** Opening PROVIDED RECORDS block **

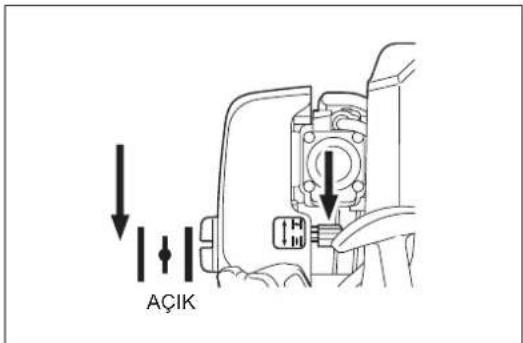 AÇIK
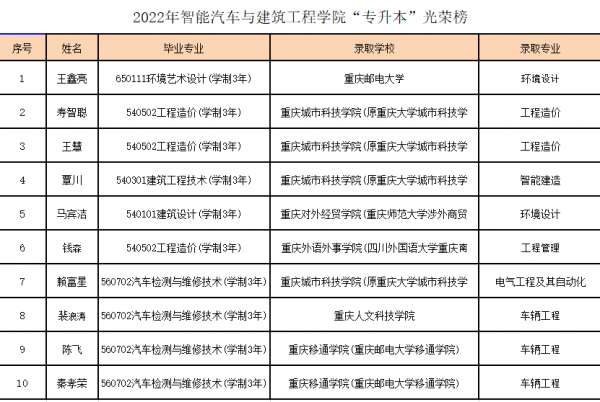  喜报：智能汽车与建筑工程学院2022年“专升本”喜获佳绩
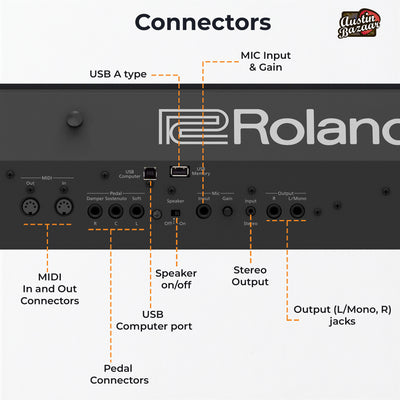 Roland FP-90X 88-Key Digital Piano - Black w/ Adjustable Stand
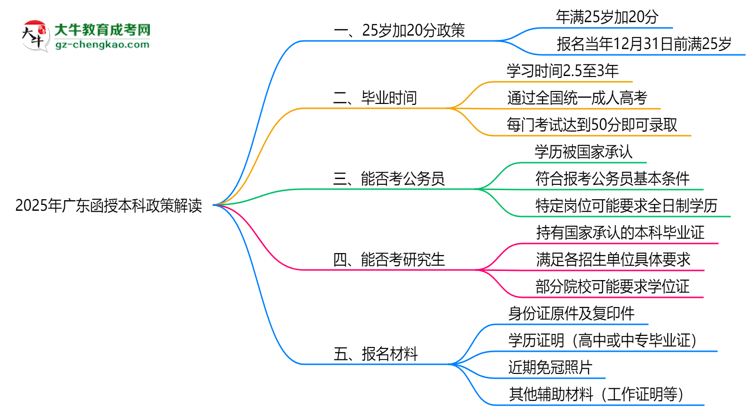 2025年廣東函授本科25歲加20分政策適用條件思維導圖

** Closing PROVIDED RECORDS block **
** Opening PROVIDED RECORDS block **

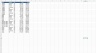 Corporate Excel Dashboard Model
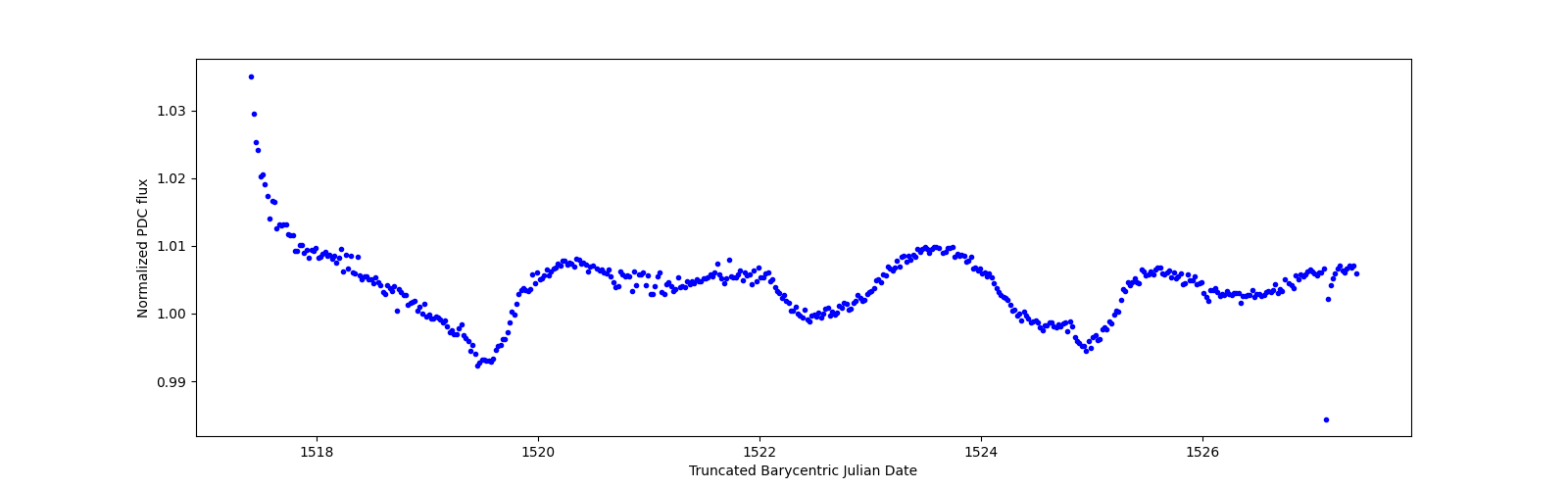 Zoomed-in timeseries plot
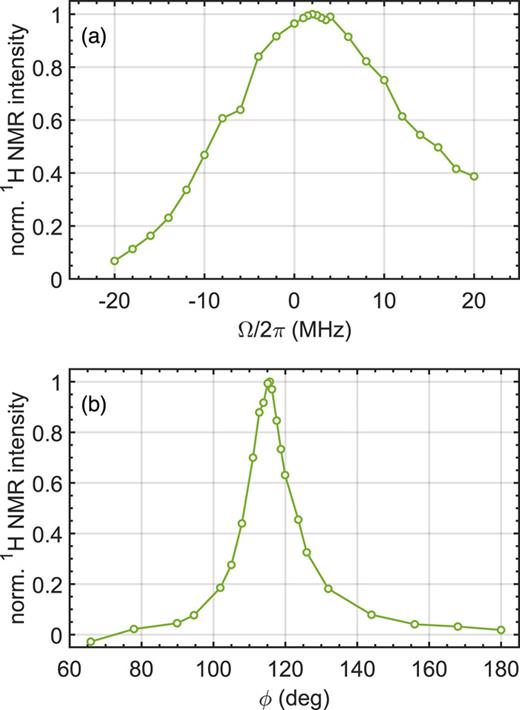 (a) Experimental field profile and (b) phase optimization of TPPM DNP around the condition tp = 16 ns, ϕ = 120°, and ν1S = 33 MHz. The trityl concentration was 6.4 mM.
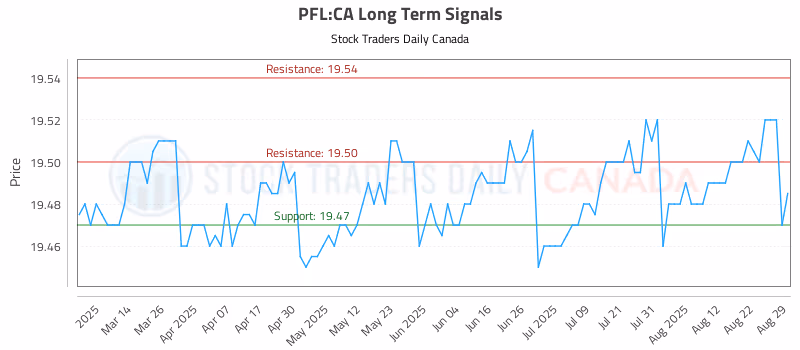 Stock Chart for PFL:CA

** Closing PROVIDED RECORDS block **

TASK DETAILS ▸ Go back to the lines above and output, exactly as they stand, the ones from the line containing "Roland FP-90X 88-Key" to the line containing "2025年廣東函授本科25歲加20分政策適用條件思維導圖". Leave all pictures behind.

SOLUTION TO THIS TASK ▸
 Roland FP-90X 88-Key Digital Piano - Black w/ Adjustable Stand
 2025年廣東函授本科25歲加20分政策適用條件思維導圖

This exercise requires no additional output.